Risk of Losing Influence and State Aid if Plan Goes Through
YONKERS, NY – January 31, 2012 — Yonkers City Council President Chuck Lesnick today testified before the Legislative Task Force on Demographic Research and Reapportionment at The Bronx Museum of the Arts and voiced his concern and the city’s need to keep the state’s senate district representing Yonkers undivided. A proposed plan before the state legislature would divide Yonkers into two separate districts and create the opportunity for a non-Yonkers resident to be elected to represent the fourth largest city in New York State and the largest in Westchester County.
Below is Lesnick’s statement to the task force:
My name is Chuck Lesnick and I am the City Council President of the City of Yonkers, New York.
I am testifying here in The Bronx because unlike five of the six largest cities in New York State, Yonkers, the fourth largest, does not have a hearing scheduled in the City of Yonkers. Nor is there one scheduled in Westchester County or anywhere else in the Lower or Mid-Hudson Valley.
Yonkers is a city of some 200,000 people – the fourth largest city in New York State. We have a school district that serves more than 26,000 students and growing.

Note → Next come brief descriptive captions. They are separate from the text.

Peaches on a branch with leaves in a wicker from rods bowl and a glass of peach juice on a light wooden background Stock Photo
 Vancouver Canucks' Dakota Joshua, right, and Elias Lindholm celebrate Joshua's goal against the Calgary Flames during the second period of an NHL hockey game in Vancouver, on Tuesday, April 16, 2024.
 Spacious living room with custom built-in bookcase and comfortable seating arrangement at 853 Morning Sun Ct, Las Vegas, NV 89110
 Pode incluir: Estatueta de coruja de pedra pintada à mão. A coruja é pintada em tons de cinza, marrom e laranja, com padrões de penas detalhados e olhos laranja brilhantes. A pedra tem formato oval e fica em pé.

Approximately one half of our local population is non-white and 45% of our households include a language other than English spoken at home. Just under 14% of our residents live below the poverty line.
I am concerned that if the proposed senate districts are adopted Yonkers could lose its strong voice in the New York State Senate, and as a result, lose out on very much needed school aide that historically, had been restored by a powerful advocate in the Senate.
For many years, most of Yonkers has been in one senate district and that senator, be it Chippy Flynn, Nick Spano, or Andrea Stewart-Cousins, has worked hard to represent us on matters that concern our City.
The proposed lines, as they now stand, split Yonkers down the middle into two sections, and in such a way, that Yonkers would no longer to hold a majority in either district and thus, weaken our representation in Albany.
While I have no doubt that Senator Andrea Stewart-Cousins, who presently represents the 35th District that covers Yonkers will continue to work for us with the same dedication and professionalism, the next senators from districts that include a divided Yonkers might not have the same interest.
Furthermore, the senate district that encompasses the east-side of Yonkers represents the area of the city with the lowest percentage of public school children and the area where constituents are typically less concerned with the funding of our public schools. Dividing a city that has spent significant effort in uniting its neighborhoods makes no sense.
Currently, nearly 75% of our school children come from the south-west area of the city. We must not and cannot afford to lose our voice in Albany to speak up for our kids.
While partisan politics clearly drove these proposed lines, the results are constitutionally flawed, in that the representation of cities like Yonkers were weakened to illegally create a new additional senate district.
The City of Yonkers needs and requires a state senate district that puts most, if not all of Yonkers into one district. I hope you understand our situation and will agree accordingly.